What you have to do –
Which lines in the material below contain the word "Women"? Copy each of them.

Exercise materials –
§

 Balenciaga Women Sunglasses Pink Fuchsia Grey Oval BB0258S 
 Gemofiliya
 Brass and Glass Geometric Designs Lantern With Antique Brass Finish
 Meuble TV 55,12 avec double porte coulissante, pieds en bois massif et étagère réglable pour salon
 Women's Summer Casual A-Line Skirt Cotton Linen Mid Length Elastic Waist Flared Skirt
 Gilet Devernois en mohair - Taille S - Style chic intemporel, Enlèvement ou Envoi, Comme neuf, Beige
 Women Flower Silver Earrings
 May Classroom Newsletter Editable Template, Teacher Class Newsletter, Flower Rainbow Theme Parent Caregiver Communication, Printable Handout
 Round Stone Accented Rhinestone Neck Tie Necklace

§

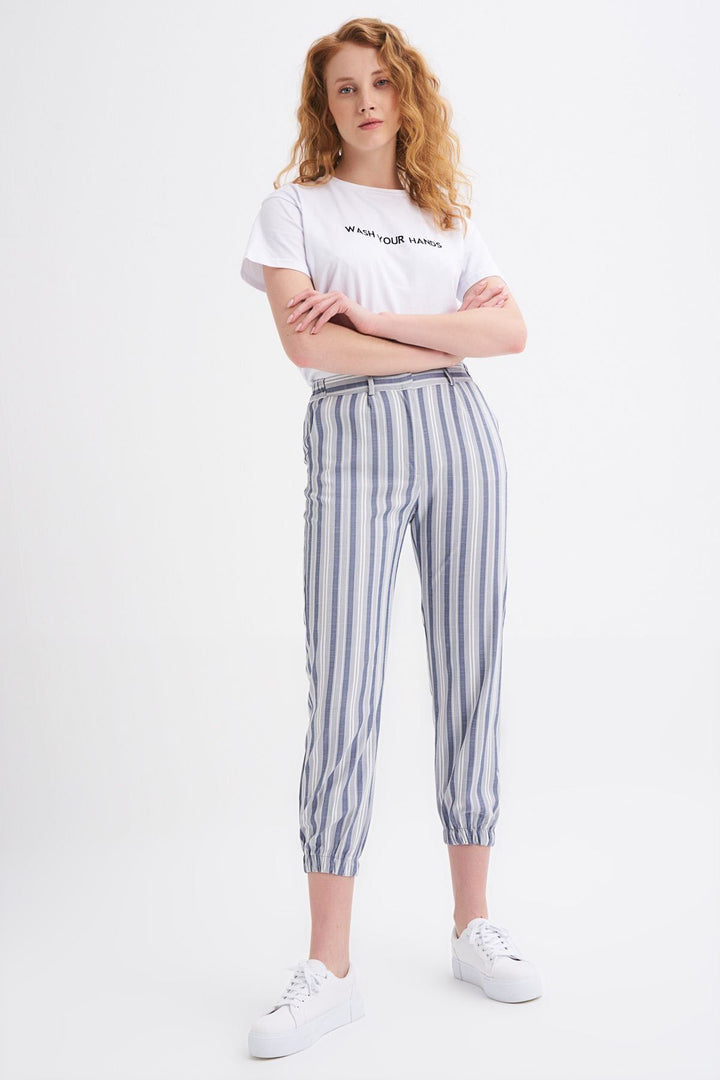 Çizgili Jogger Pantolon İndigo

§

Written answer –
 Balenciaga Women Sunglasses Pink Fuchsia Grey Oval BB0258S 
 Women's Summer Casual A-Line Skirt Cotton Linen Mid Length Elastic Waist Flared Skirt
 Women Flower Silver Earrings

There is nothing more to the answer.